La cause d’un tel oubli par la Confédération de sa mission originelle réside également dans le fonctionnement de ses institutions parlementaires. Le Conseil des Etats a été historiquement conçu comme une chambre représentative des cantons. Son mode d’élection reproduit en effet l’idée de l’égalité en souveraineté de chacun des cantons, qui y ont droit à deux sièges. Elle s’est malheureusement très vite transformée en une chambre parlementaire comme une autre, devenant ainsi le lieu des compromissions électorales, de la violation des promesses partisanes. Les récentes courbettes de notre «Sénat» sur la Lex America et sur FATCA démontrent cette incurie de la souveraineté suisse et, par ricochet, des souverainetés cantonales.

Ce constat de centralisation et d’aliénation idéologique nous fait avancer deux propositions de réforme, parmi d’autres. Nous espérons qu’un petit groupe parlementaire entreprendra un jour d’identifier, dans la jungle législative suisse, toutes les règles centralisatrices anticonstitutionnelles, ou inutiles.
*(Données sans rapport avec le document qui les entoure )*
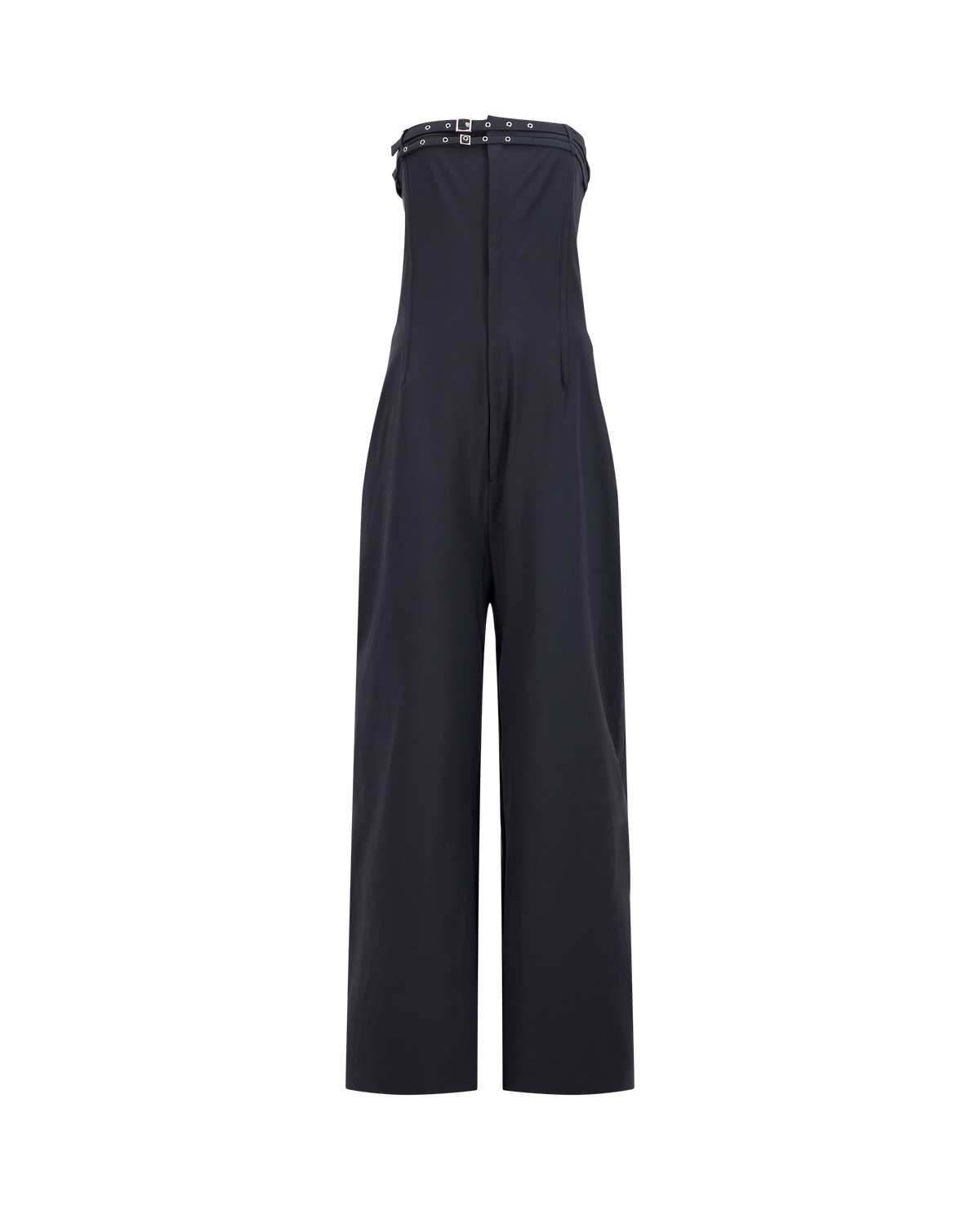 JP strapless stretch gabardine jumpsuit, straight-leg, front view
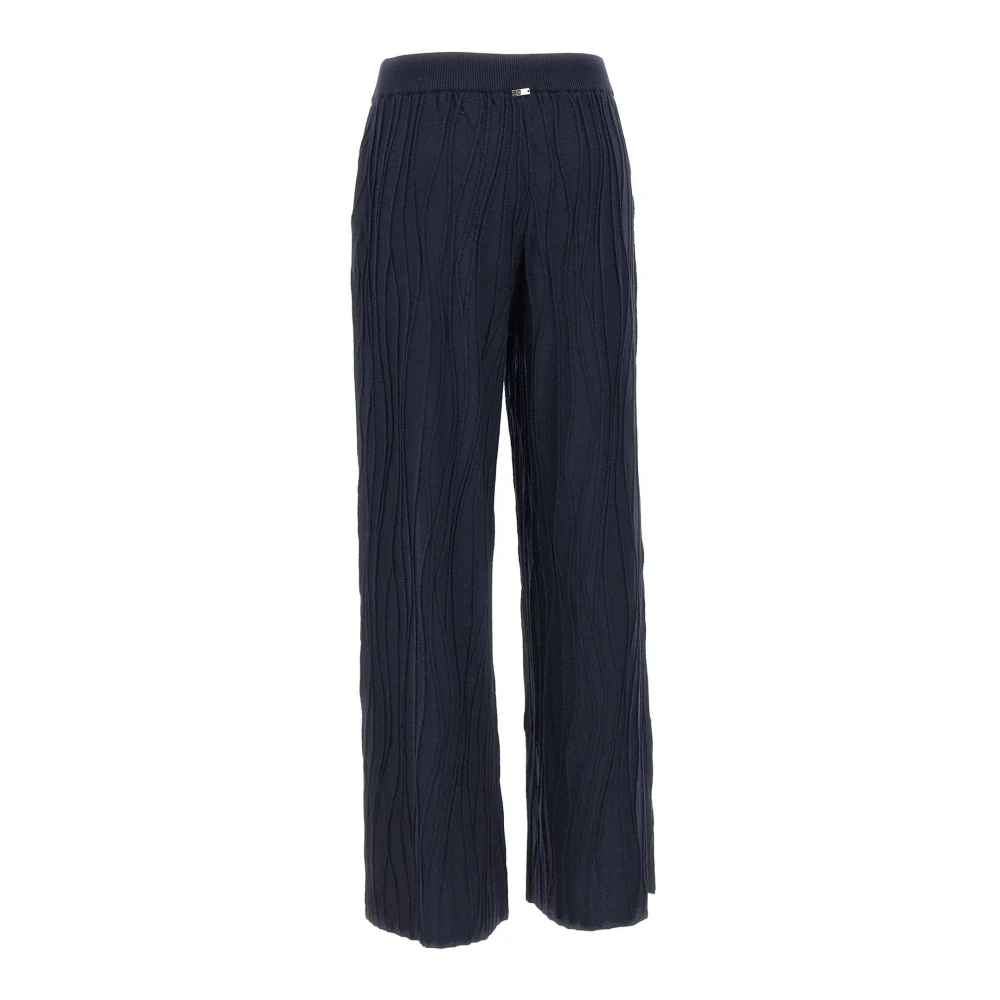 Herno Wol Wave Textuur Broek Blue Dames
Ce nettoyage allégerait l’ensemble du droit suisse et redonnerait aux cantons une substance politique qu’ils n’ont même pas accepté de perdre. La Ligue vaudoise se tient à disposition du parlementaire qui acceptera de se charger de cette mission.

Quant au sort du Conseil des Etats, nous proposons simplement de briser la logique électoraliste dont il est la victime. L’autorisation du vote sur instruction serait la bienvenue, en parallèle à une élection, voire une nomination des conseillers aux Etats par les autorités politiques cantonales. Nous aurions ainsi de vrais ambassadeurs. La Confédération ferait peut-être enfin son vrai travail, la défense et la protection des cantons comme Etats pleinement souverains. La CDC pourrait alors être dissoute, et nos ministres cantonaux faire confiance à la Berne fédérale.

Notes:

1 Mayencourt Judith, «La politique extérieure dans le viseur des Cantons», 24 heures, 4 octobre 2013.